» **YOUR INSTRUCTIONS**: Each line of the records has to be copied exactly, though the pictures must be left out.

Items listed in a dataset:

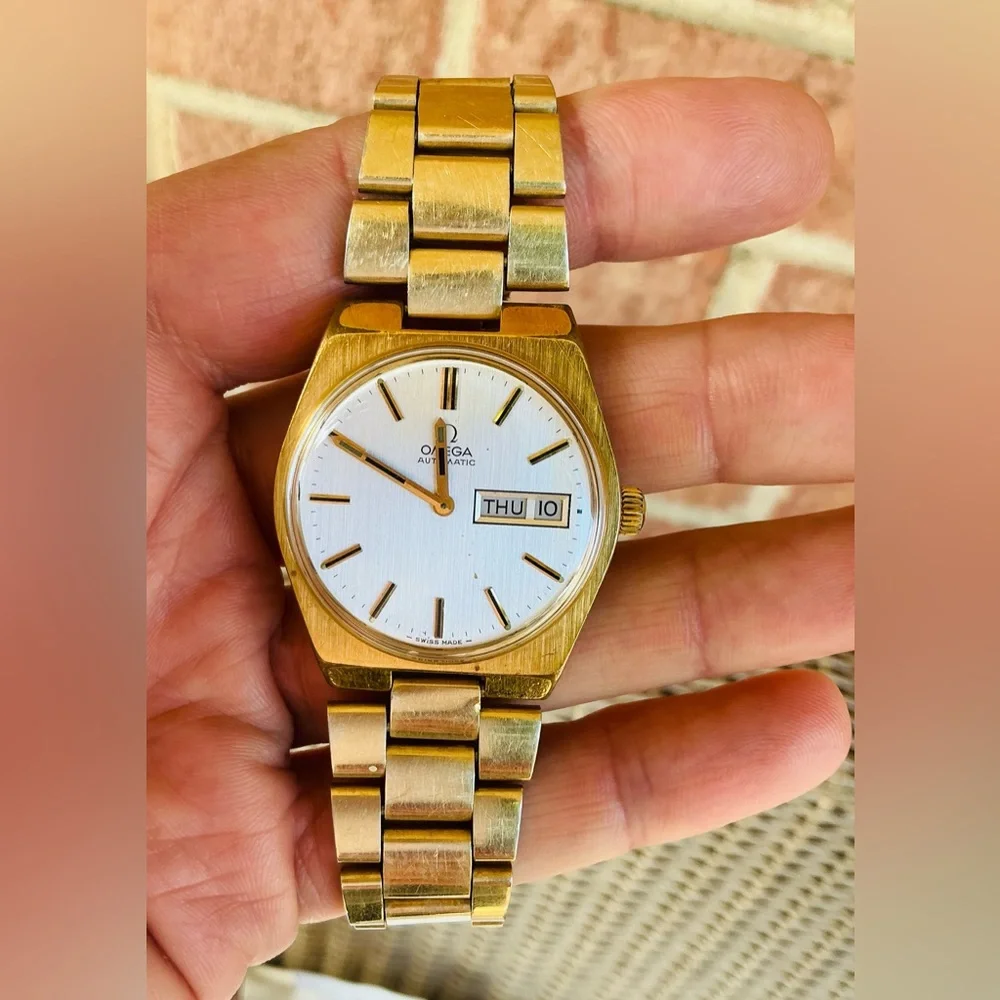 Omega Gold-Tone Men's Automatic Watch with Silver Dial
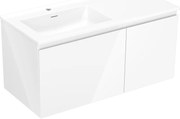 Mexen Orio szafka łazienkowa 100 cm z umywalką Otis lewą, 1S, 1D, biała połysk - 91A13-10047-3-BBFF00-W18L00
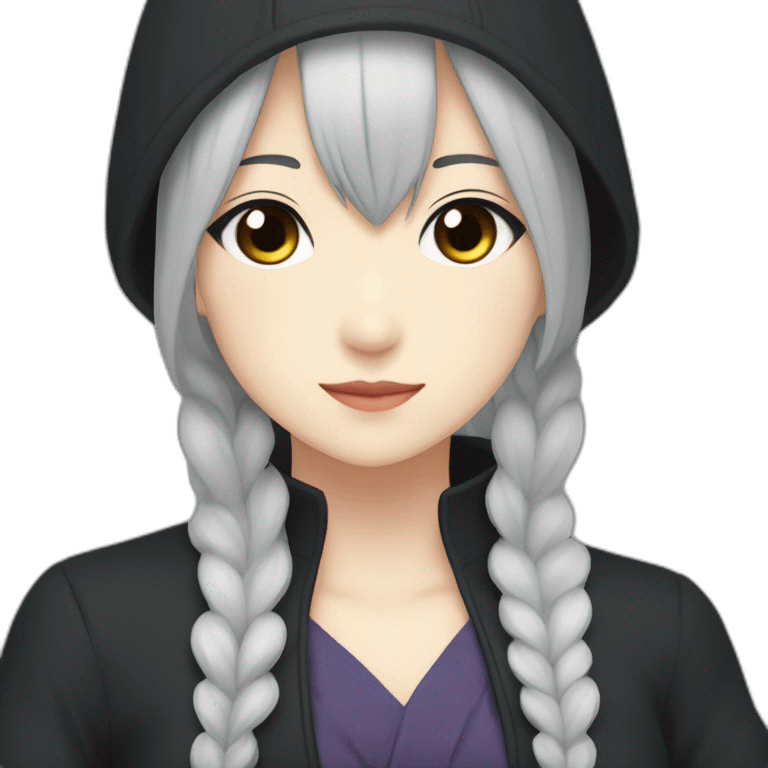 Nana Ōsaki in Anime with a gothic style, black hair emoji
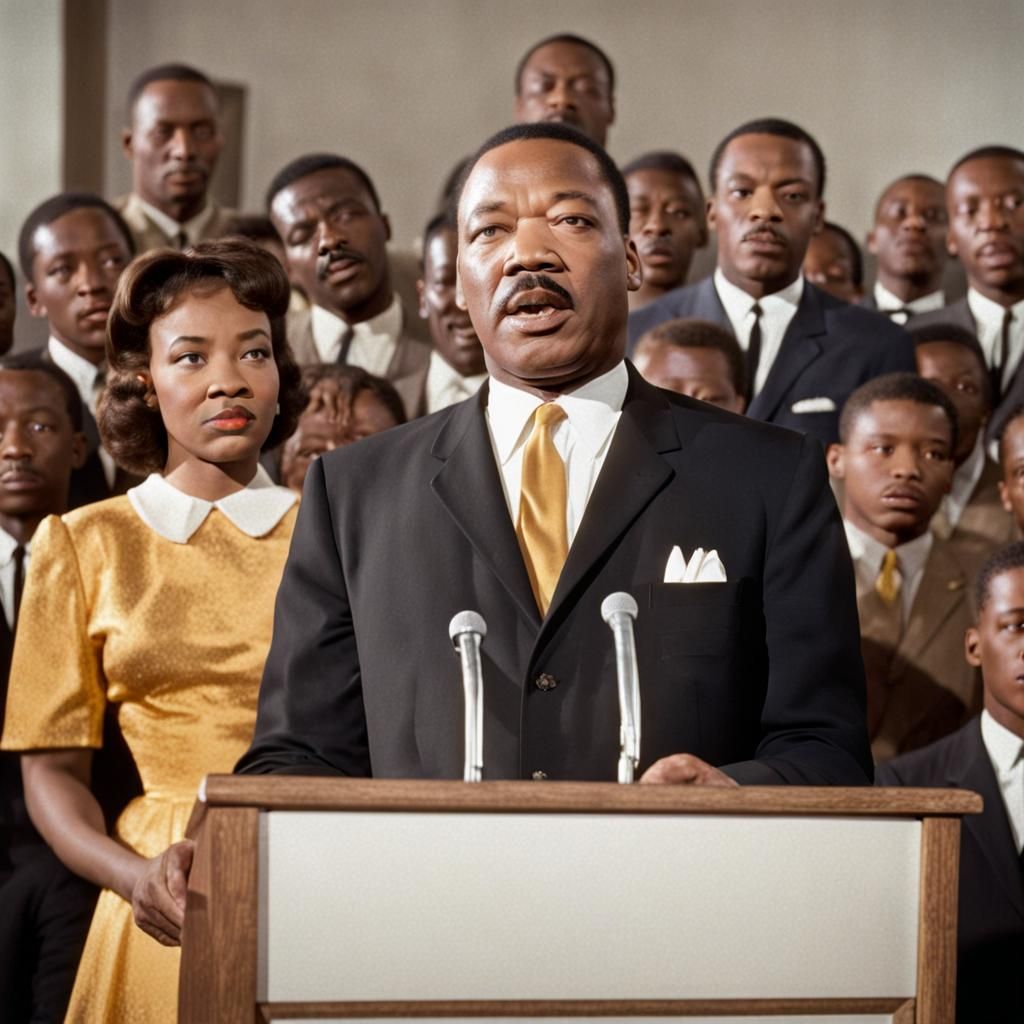 Martin Luther King Jr. Giving Fiery Speech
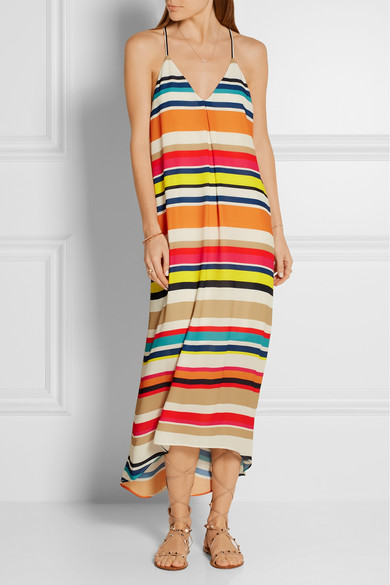 ALICE + OLIVIA Cortes striped georgette midi dress high low hem dresses summer 2016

» **EXPECTED ANSWER**:
 Omega Gold-Tone Men's Automatic Watch with Silver Dial
 Mexen Orio szafka łazienkowa 100 cm z umywalką Otis lewą, 1S, 1D, biała połysk - 91A13-10047-3-BBFF00-W18L00
 Nana Ōsaki in Anime with a gothic style, black hair emoji
 Martin Luther King Jr. Giving Fiery Speech
 ALICE + OLIVIA Cortes striped georgette midi dress high low hem dresses summer 2016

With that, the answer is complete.